The balance between the gross liabilities of non-banks and the gross financial assets (including non-monetised financial assets) of non-banks is – as mentioned – equal to the net financial assets of the banks. Since direct financial claims and obligations among non-banks exactly offset each other, it follows that the balance between all liabilities towards banks of non-banks (= the volume of bank credit) and bank deposits (including bank debentures and banknotes) is always exactly equal to the net financial assets of banks.

bb) Digression: the relationship between the asset- and the liability-business of banks. ‘Orthodox’ credit theory – ‘modern’ credit theory – ‘third era’ of credit theory?

With given net financial assets of banks, there is – as just shown – a strict reciprocal relationship between the change in bank credit and the change in the sum of bank deposits plus stocks of banknotes held by non-banks. The relationships which were the subject of such fierce debate between the so-called orthodox and the so-called modern credit theory (whether deposits of non-banks need to exist before bank credit can be granted to non-banks, or whether credit needs to be created first, which in turn gives rise to deposits), can be represented by the following set of statements: 2

Partial statement: For any single bank, it is possible for the liabilities towards non-banks (bank deposits, circulation of debentures, circulation of acceptances outside the banking system, circulation of banknotes outside the banking system) to increase before lending to non-banks increases.

Relational statement: A single bank, as well as a group of banks GL , can (given constant net financial assets of all banks) increase its deposits of non-banks (including the circulation of debentures, acceptances, and banknotes) beyond its own lending to non-banks only if and to the extent that the complementary group increases its lending to non-banks beyond its deposits of non-banks.

In the course of this, the amount by which the group GL in question increases its deposits beyond the amount of its lending is always exactly equal to the increase in net claims of this group on its complementary group (increase in own stock of other banks’ notes, increase in own deposits at other banks, decrease of nostro liabilities), whilst the complementary group increases its net indebtedness to other banks to the extent that it increases its lending toward non-banks beyond its deposits of non-banks.

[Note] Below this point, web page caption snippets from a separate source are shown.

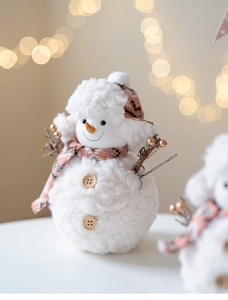 Detailed macro view of plush snowman with wooden buttons and festive knit scarf decoration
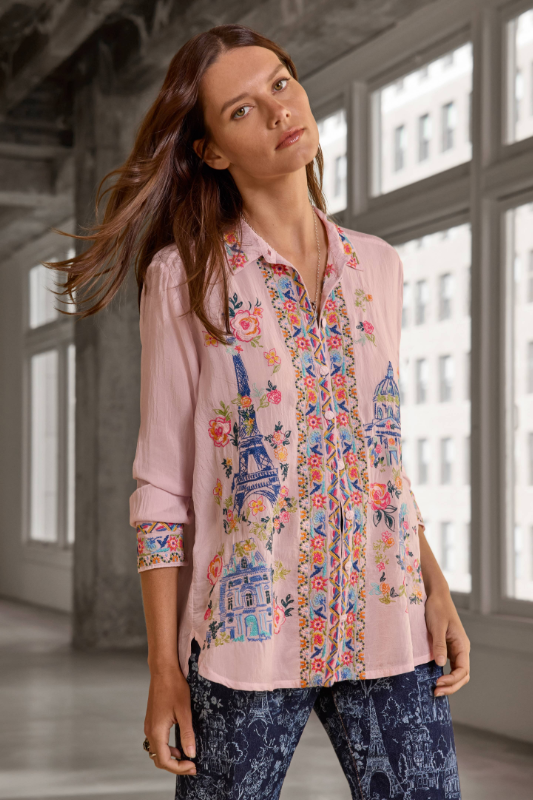 Johnny Was Sydnee Shirt | Primrose Pink | C13125-3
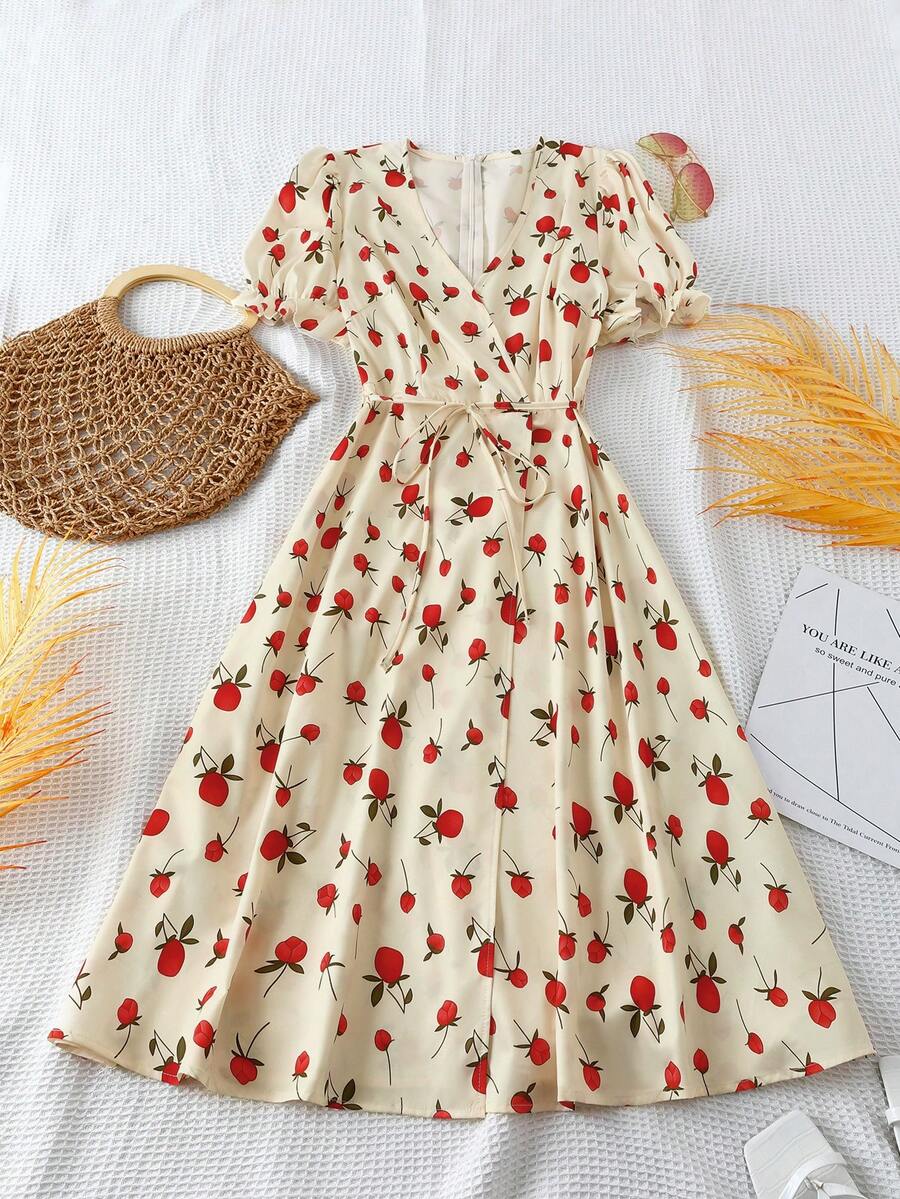 GlowEve CURVE Plus Size V-Neck Fresh Cherry Blossom Print Short Sleeve Tie Waist Elegant Spring/Summer Dress For Women - Multicolor - View 1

Global statement: For the aggregate of all banks, the sum of all deposits (including the circulation of debentures, acceptances, and banknotes) rises by the exact same amount as the sum of their lending.

Therefore, temporal discrepancies between increases in deposits and increases in loans are in all cases only possible for single banks or groups of banks. The sum and the average of all of these discrepancies over any period has to be zero for the aggregate of all banks at all times (as long as we abstract from changes in banks’ net financial assets arising from purchases, wage payments, interest and brokerage payments, etc.).

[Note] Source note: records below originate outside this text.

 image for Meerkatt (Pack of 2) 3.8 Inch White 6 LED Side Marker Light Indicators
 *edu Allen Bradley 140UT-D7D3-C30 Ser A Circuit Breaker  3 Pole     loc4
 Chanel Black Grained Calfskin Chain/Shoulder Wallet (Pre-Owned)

The set of statements above was only referring to changes in stocks. Using the general scheme of partial, relational, and global statements, the outcome of the cited controversy, which indeed is now widely accepted, becomes apparent: that, in fact, there is no contradiction between the statements of the orthodox and the modern credit theory as long as one keeps in mind that the former is only valid for single banks and the latter only for the aggregate of all banks. Of course, some propositions of the so-called modern credit theory go beyond what is expressed in the global statement above. The global statement merely ascertains that loans and deposits always have to change at the same time and in the same fashion. As always, arithmetic relationships alone do not allow us to conclude on which side the cause and on which side the effect lies. However, supporters of the so-called modern credit theory very often claim that the cause is only ever to be found on the lending side, and that deposits only constitute the passive reflex of the prior causally (not chronologically) preceding credit expansion.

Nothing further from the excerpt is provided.